Among the entries below, only the lines from the one with "Detský kusový koberec" through the one with "Открыть Накладной светильник" are wanted, reproduced exactly. Pictures are not wanted.
* * * * * * * * *
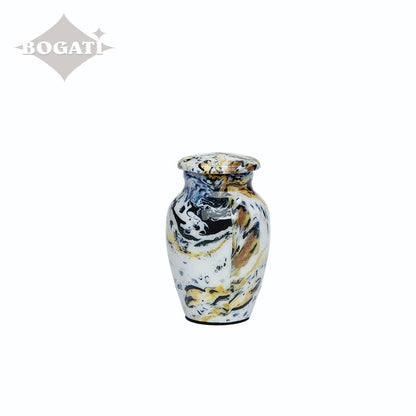KEEPSAKE Classic Alloy Urn -9004-  Venetian Blue Swirl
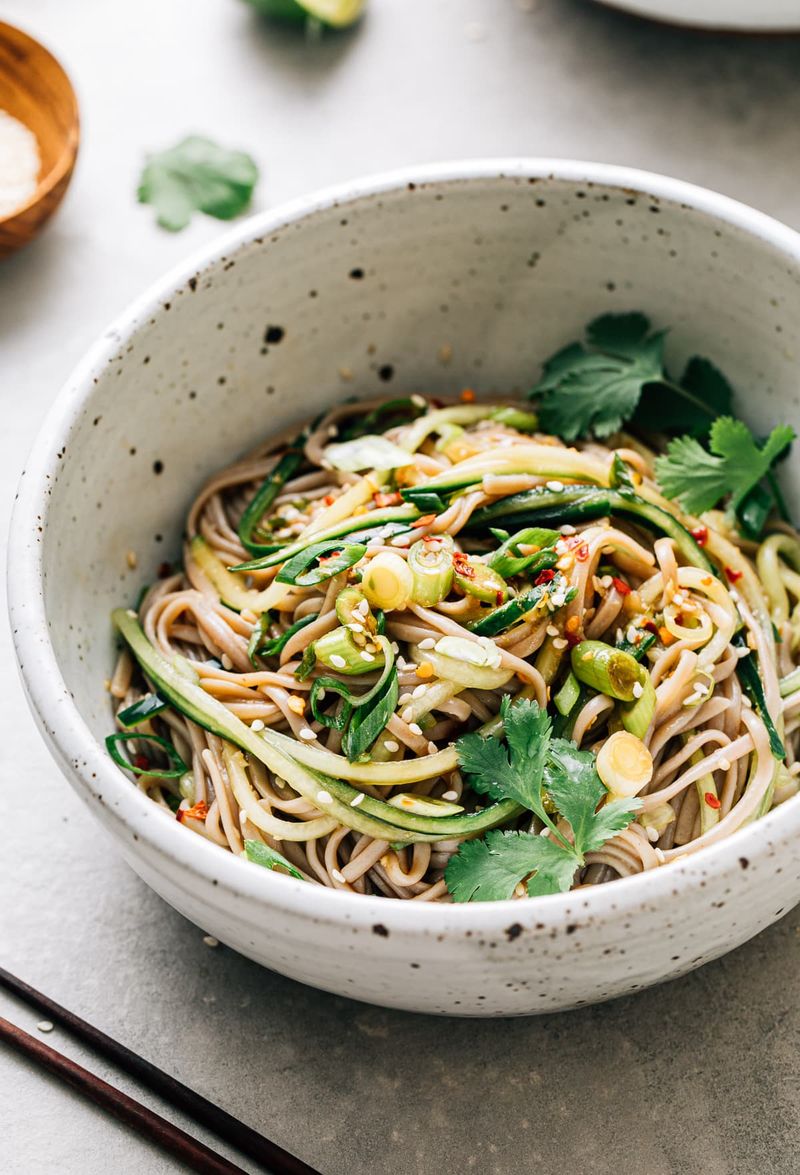 Cold Miso Soba Noodle Salad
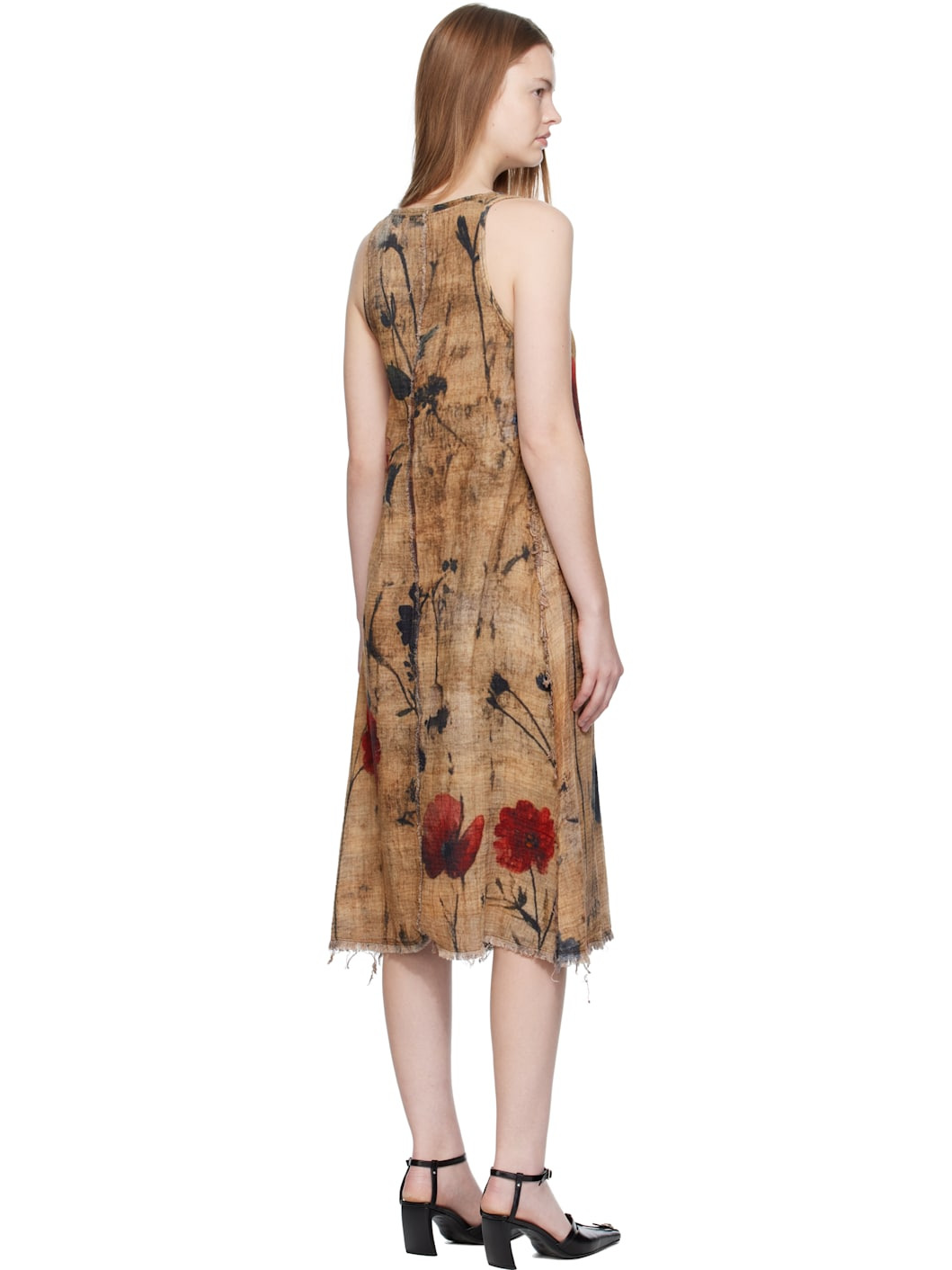 Brown Reversible Tank Midi Dress - 3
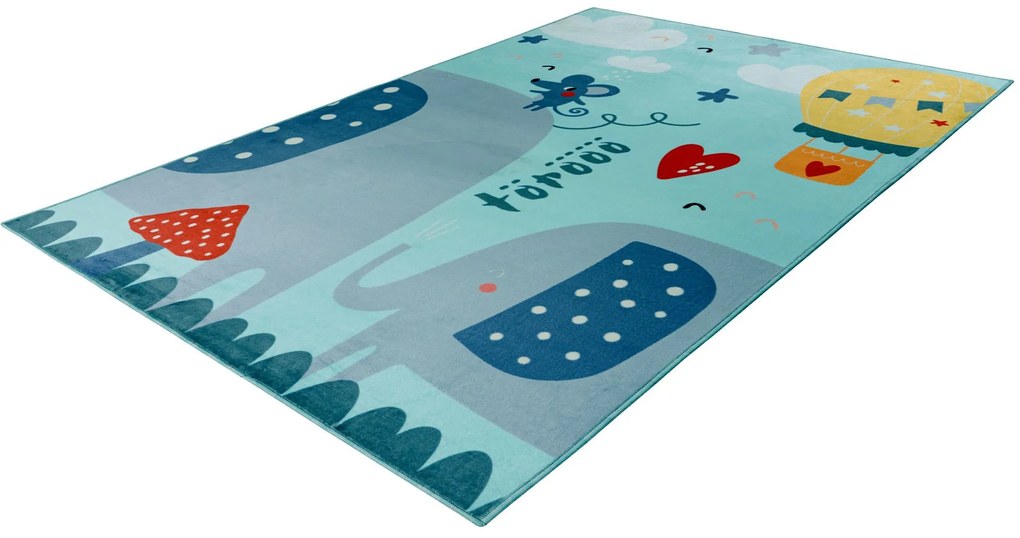 Detský kusový koberec Magic Kids ML 105 Cuel, 160x230, modrá, detská izba, Obsession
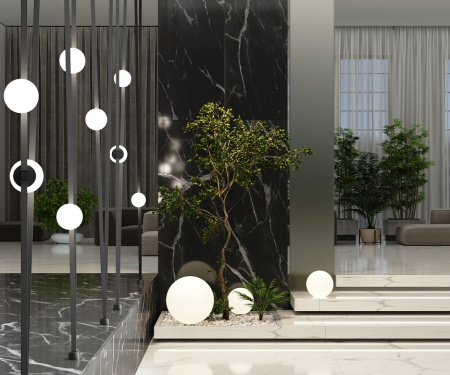 Открыть Накладной светильник Maytoni Luna TR125B-10W4K-B Фото Накладной светильник Maytoni Luna TR125B-10W4K-B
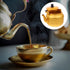 Stainless Steel 1L Hot Water Kettle, Whistling Tea Kettle with Infuser, Gooseneck Pour Over Coffee Pot for Fast Heating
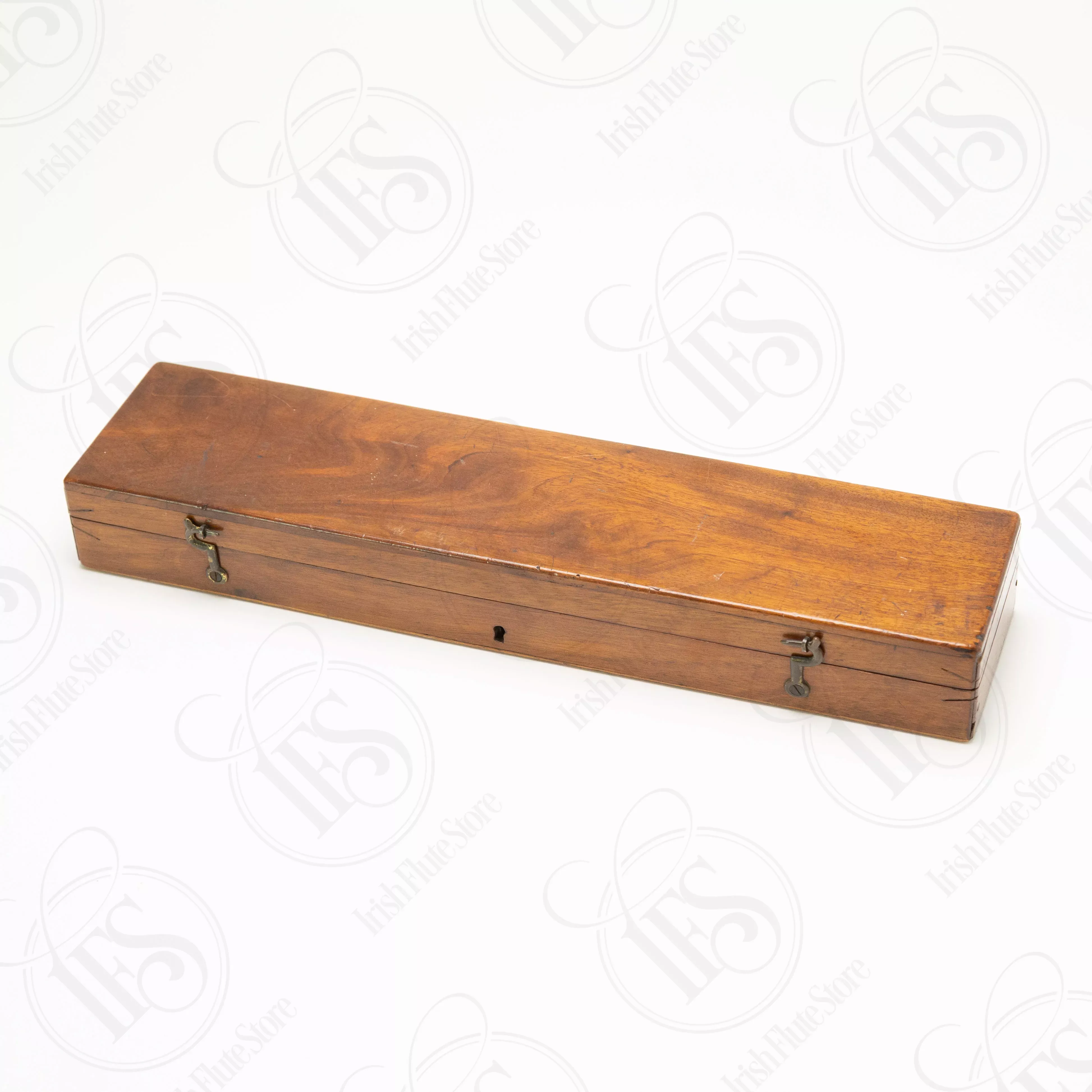 Antique Wooden Flute Case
* * * * * * * * *
### ANSWER TO THIS PROBLEM
 Detský kusový koberec Magic Kids ML 105 Cuel, 160x230, modrá, detská izba, Obsession
 Открыть Накладной светильник Maytoni Luna TR125B-10W4K-B Фото Накладной светильник Maytoni Luna TR125B-10W4K-B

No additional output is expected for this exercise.